Evers had proposed increasing total government jobs by 701 full-time positions over the biennium. That would have brought the total number of all-funds state positions to 71,990.57 in 2020. JFC’s plan increased total positions by 482, up to 71,771.59 by 2020. That’s still a sizable increase. Plus, this budget gives all state employees 2 percent raises in each year of the biennium, and by constantly adding to state rolls, those types of increases will only be more expensive in the future. 

In what can only be called a great disappointment for taxpayers, legislative Republicans tried to keep up with the liberals when it came to government largess. In some cases, they even outdid Evers’ original spending proposals. Prison guards, personal care workers, nursing homes, and Family Care direct care workers get considerably more funding than Evers requested.

Note: GOP’s 2019-21 State Budget figure reflects document *before* vetoes. Final figure will be slightly different.

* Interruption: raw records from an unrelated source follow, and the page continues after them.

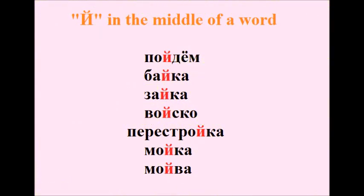Пойдём, байка, зайка, войско, перестройка, мойка, мойва.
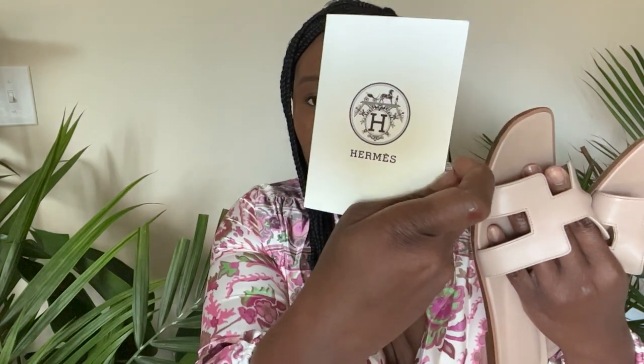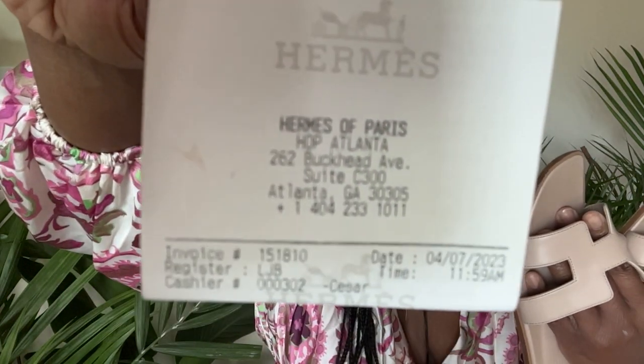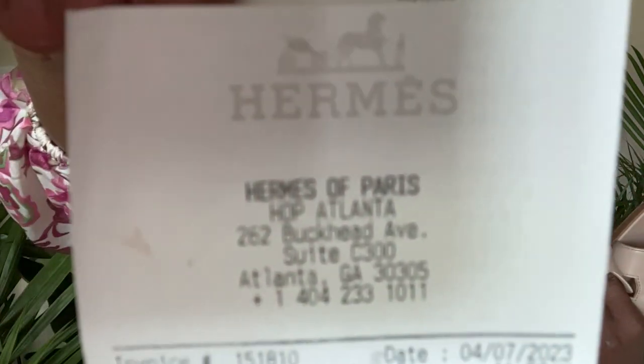These were purchased at the Hermès store in Buckhead. It comes in this envelope and the receipt is tucked right inside. I wanted to share the address with you guys — if you are interested in going to the Hermès of Paris in Atlanta in Buckhead, go in and check out the colors that they have.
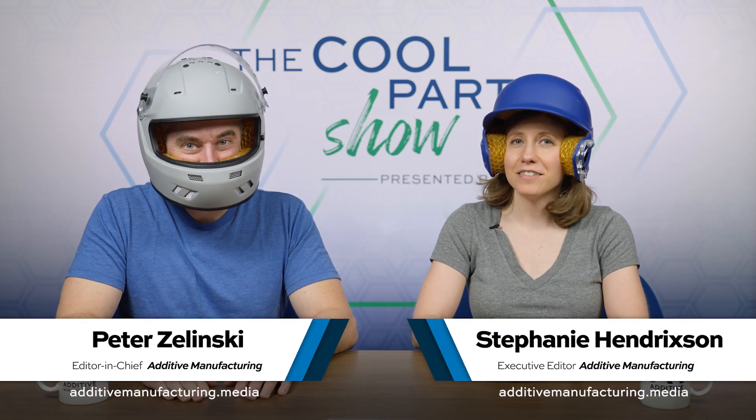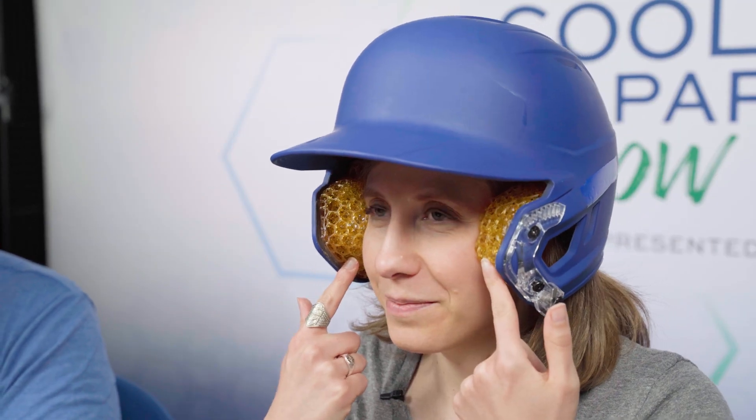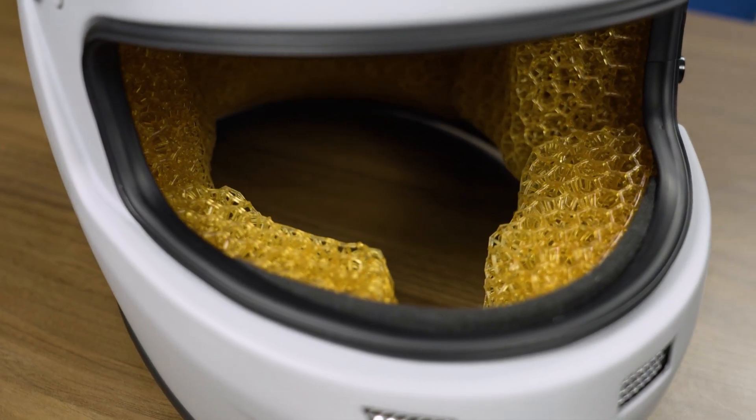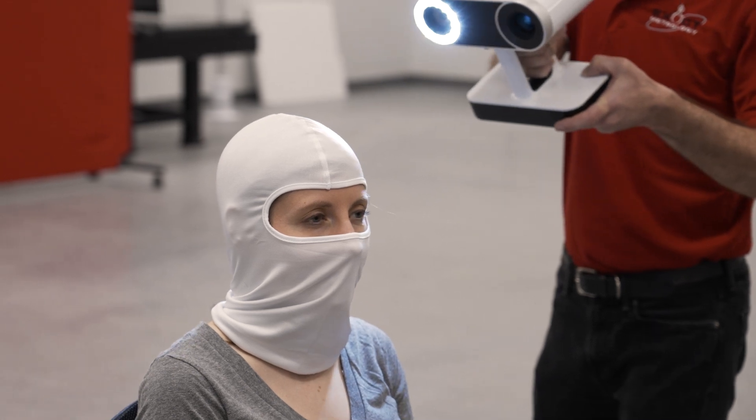I'm Pete. I'm Stephanie and this is The Cool Part Show, our show all about innovative, unusual, unique, and protective 3D printed parts. You might notice there's something a little bit different about our wardrobe this episode, but don't look at the helmets, look at the padding. The padding isn't foam — these are 3D printed lattice structures providing the protection, tailored to the different needs of these different helmets and tailored to our heads. We're talking about digital materials on this episode of The Cool Part Show.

Taxpayers should also question the wisdom of pumping $655.4 million more GPR into the status quo educational system that fails too many children and is experiencing flat enrollment. In this biennium, state support to K-12 schools will reach more than $14 billion, and DPI’s total budget spends north of $15.2 billion. Evers had proposed a $1.6 billion increase for the agency he headed until January, including more than $600 million to increase special education categorical aids. The final budget sends $330 million more into the equalization aid formula and $97 million more for special education categorical aids, along with a litany of other changes. 

Note: JFC budget shows figures *before* vetoes. Charts will be updated when final figures become available.

Still, JFC rejected the vast majority of Evers’ proposed changes to the school funding formula, such as adding another weight for impoverished students (counting them as 1.2 pupils instead of 1.0 for funding purposes). That led Evers’ supporters to slam the education plan, calling it a “$900 million cut.” 

Only in Madison and the fantasy land of the nonsensical progressive is a $655 million increase in spending described as a cut. 

Lost in this debate is the fact that Wisconsin’s K-12 population has stayed relatively flat for many years. If we are not experiencing a huge influx of new elementary kids to educate, why do our schools need $600 million in new funds? And this $600 million increase is on top of the $600 million increase included in the 2017-2019 state budget. Over a billion dollars in new funding to educate the same number of kids? Are we seeing any noticeable return on our increased investment?

Also lost in this debate is the fact that more and more families are choosing other educational choices outside of the public education system. Choice, charter and home schooling are all growing in popularity. That’s no surprise given that statewide English proficiency sits at just 44 percent, and math proficiency at 41 percent. 

The K-12 educational system has continually failed many Wisconsin students, with thousands of new UW freshmen requiring remedial math or English. Those classes come with zero credit and the cost of full tuition, putting students behind before they even begin. Plus, many of these are students who were told they were doing well in school. More than half of Wisconsin’s five-star high schools sent more than 1,000 students who needed math remediation to UW. 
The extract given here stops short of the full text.